Top of PROVIDED RECORDS

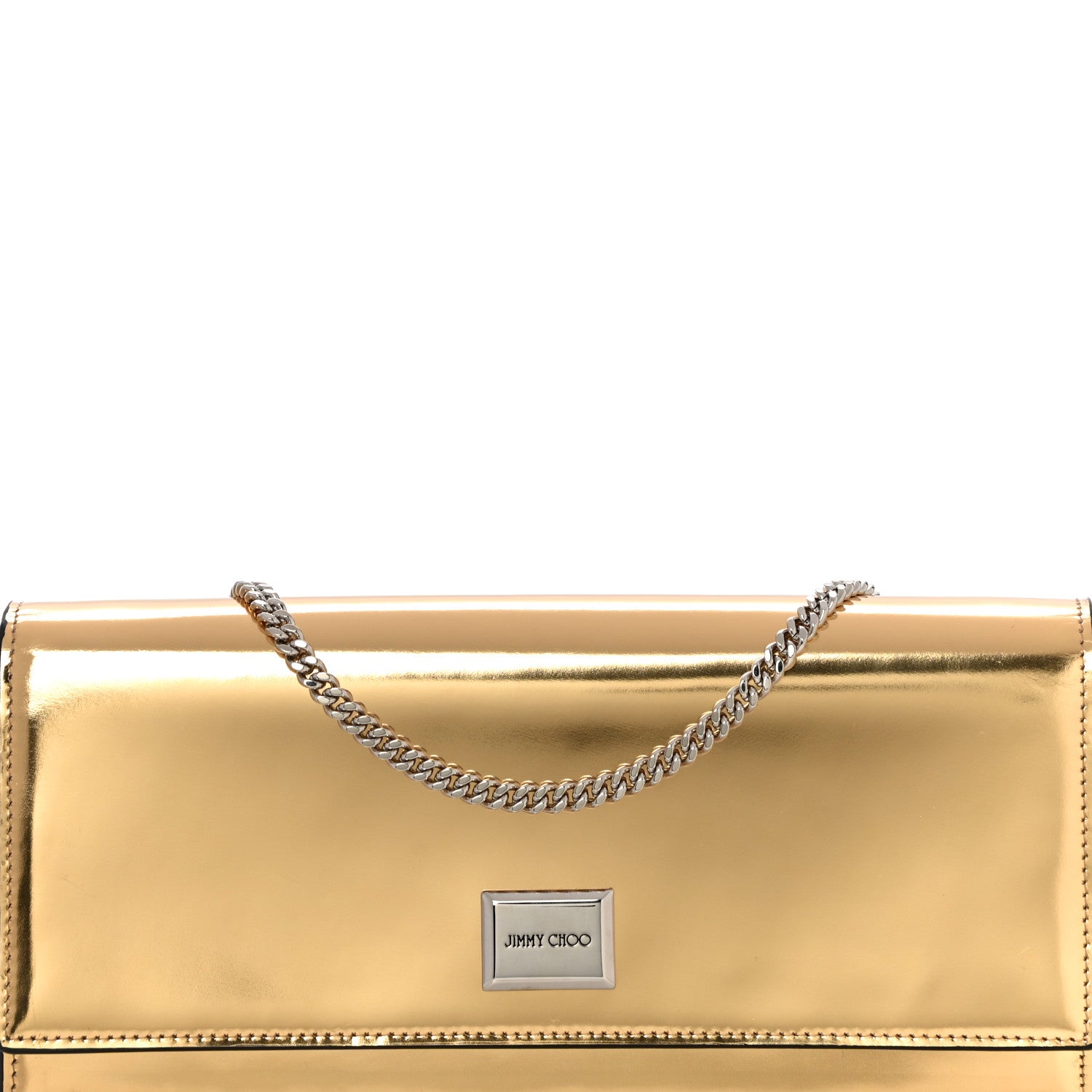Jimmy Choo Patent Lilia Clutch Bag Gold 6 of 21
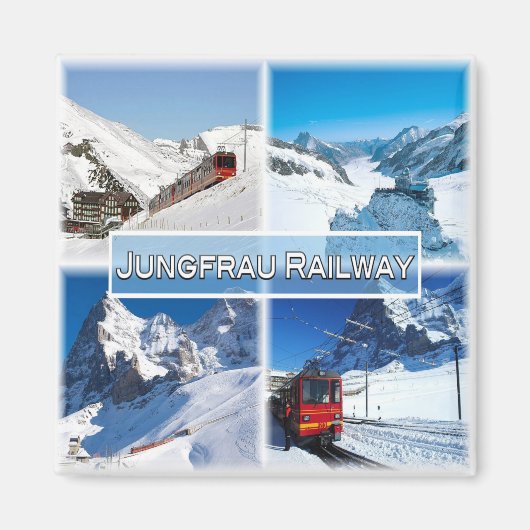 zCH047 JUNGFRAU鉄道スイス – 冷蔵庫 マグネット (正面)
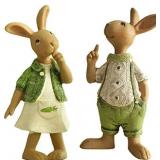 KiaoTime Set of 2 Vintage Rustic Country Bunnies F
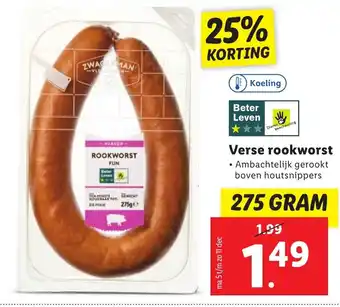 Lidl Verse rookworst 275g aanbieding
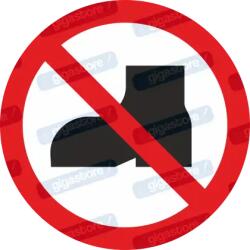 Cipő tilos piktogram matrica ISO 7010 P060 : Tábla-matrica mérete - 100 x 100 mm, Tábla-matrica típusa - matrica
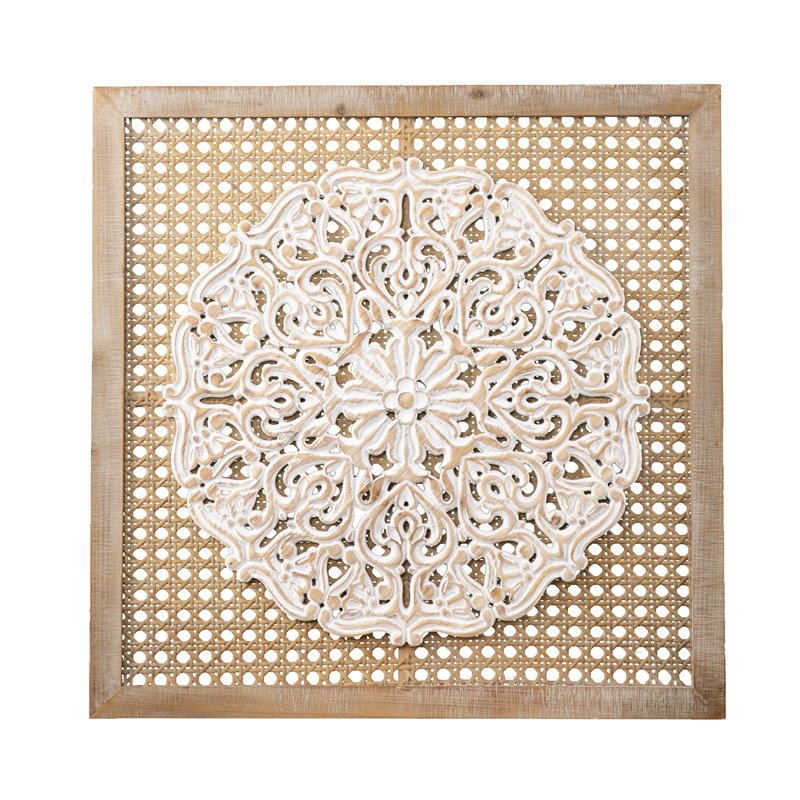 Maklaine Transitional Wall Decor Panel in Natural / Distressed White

Bottom of PROVIDED RECORDS
Top of PROVIDED RECORDS

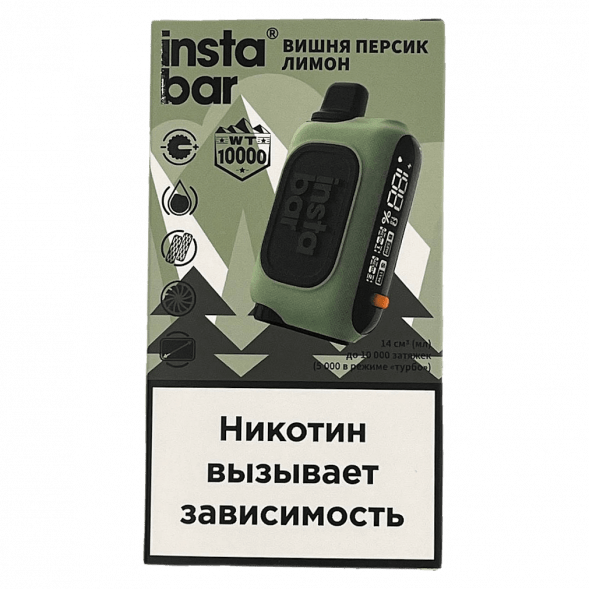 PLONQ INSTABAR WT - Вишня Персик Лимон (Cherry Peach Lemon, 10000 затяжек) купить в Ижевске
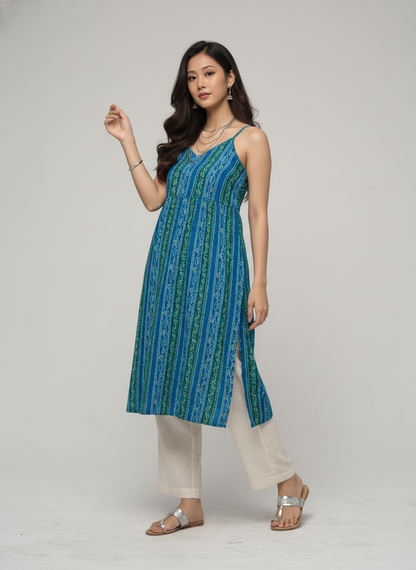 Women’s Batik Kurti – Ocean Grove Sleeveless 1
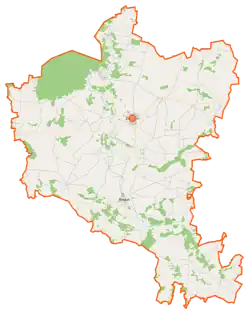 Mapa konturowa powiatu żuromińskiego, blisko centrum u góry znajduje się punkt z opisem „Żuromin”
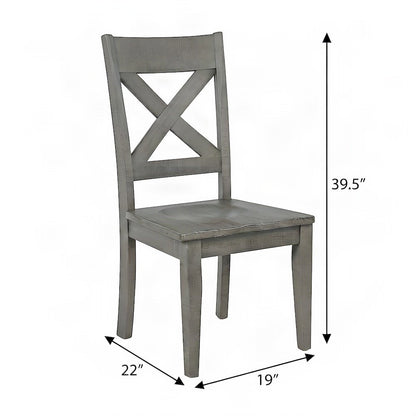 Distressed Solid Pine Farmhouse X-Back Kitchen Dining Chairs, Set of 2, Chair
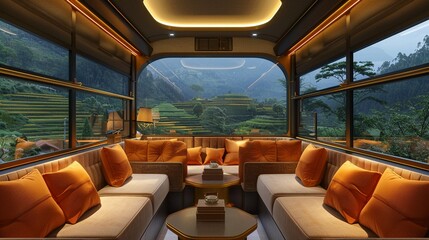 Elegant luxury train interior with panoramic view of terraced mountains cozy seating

Bottom of PROVIDED RECORDS
Top of PROVIDED RECORDS

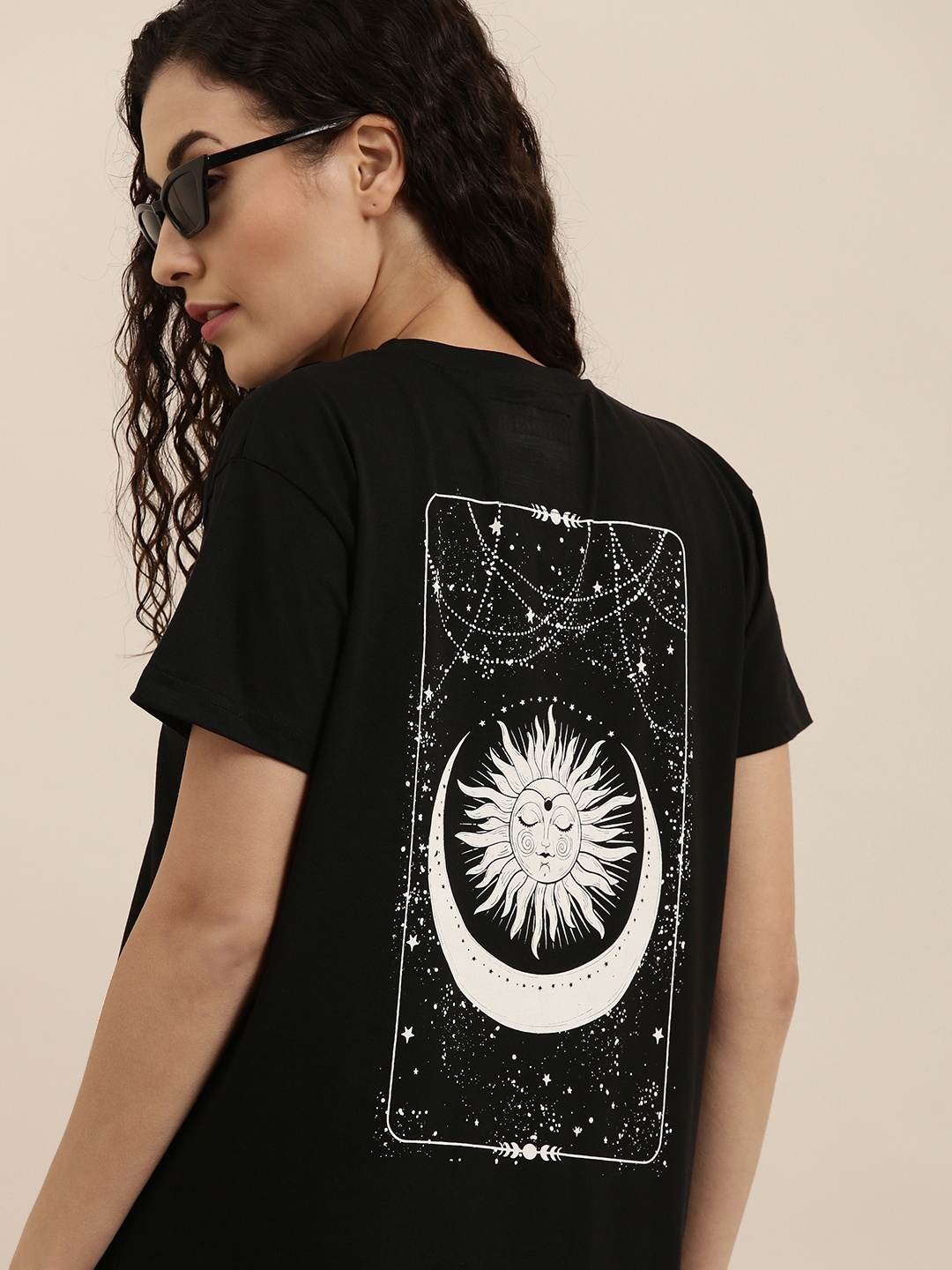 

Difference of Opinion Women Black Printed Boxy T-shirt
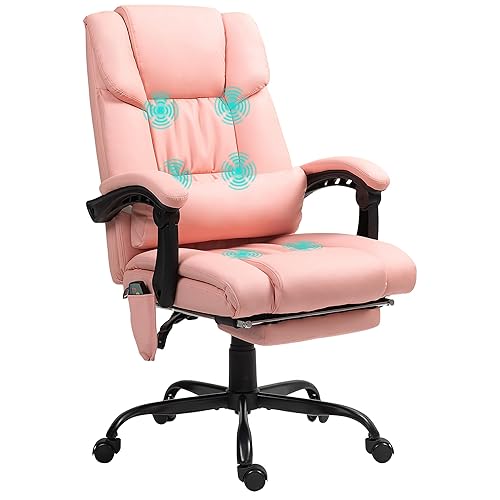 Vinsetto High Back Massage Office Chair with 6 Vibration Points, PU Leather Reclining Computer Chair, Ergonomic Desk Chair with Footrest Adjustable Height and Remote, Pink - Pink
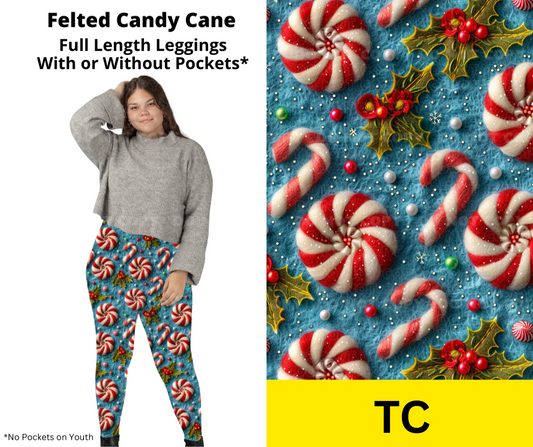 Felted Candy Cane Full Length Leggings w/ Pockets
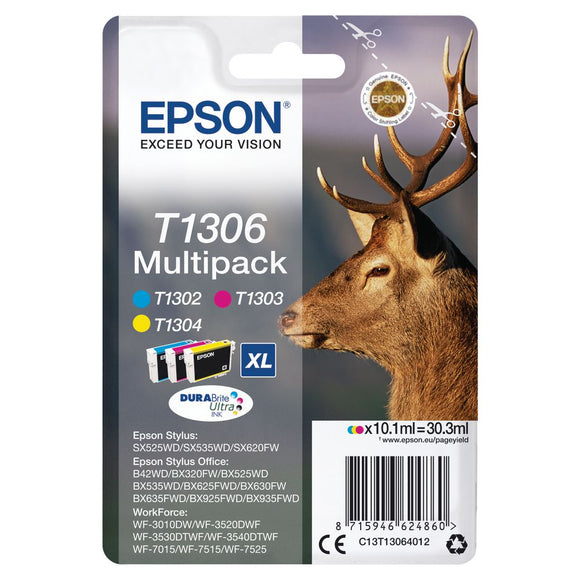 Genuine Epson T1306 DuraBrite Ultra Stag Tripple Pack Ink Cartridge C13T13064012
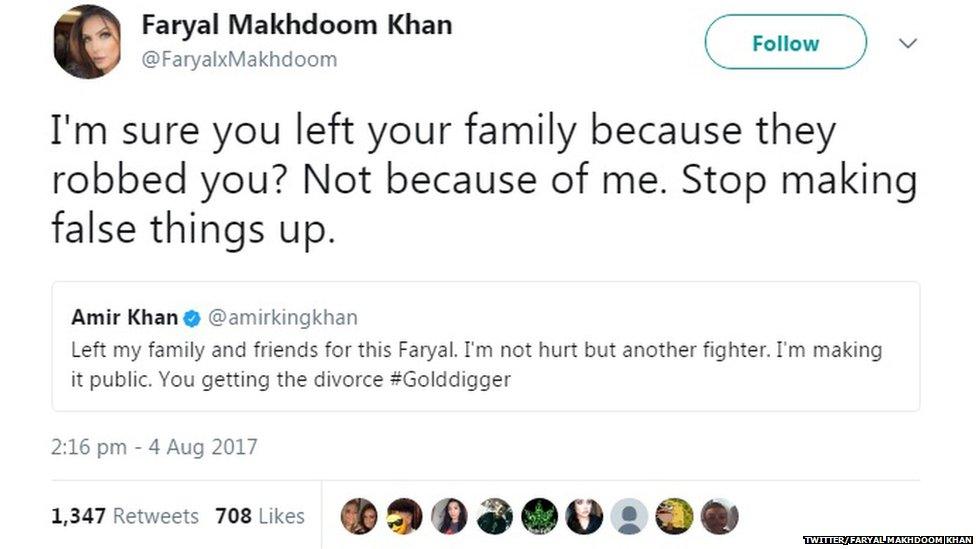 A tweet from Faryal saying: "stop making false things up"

Bottom of PROVIDED RECORDS

* [TASK DIRECTIONS]: The answer must be the part of the records that opens with the line containing "Difference of Opinion" and closes with the line containing "Genuine Epson T1306", reproduced exactly, with no pictures.

* [EXPECTED OUTPUT]:
Difference of Opinion Women Black Printed Boxy T-shirt
 Vinsetto High Back Massage Office Chair with 6 Vibration Points, PU Leather Reclining Computer Chair, Ergonomic Desk Chair with Footrest Adjustable Height and Remote, Pink - Pink
 Felted Candy Cane Full Length Leggings w/ Pockets
 Genuine Epson T1306 DuraBrite Ultra Stag Tripple Pack Ink Cartridge C13T13064012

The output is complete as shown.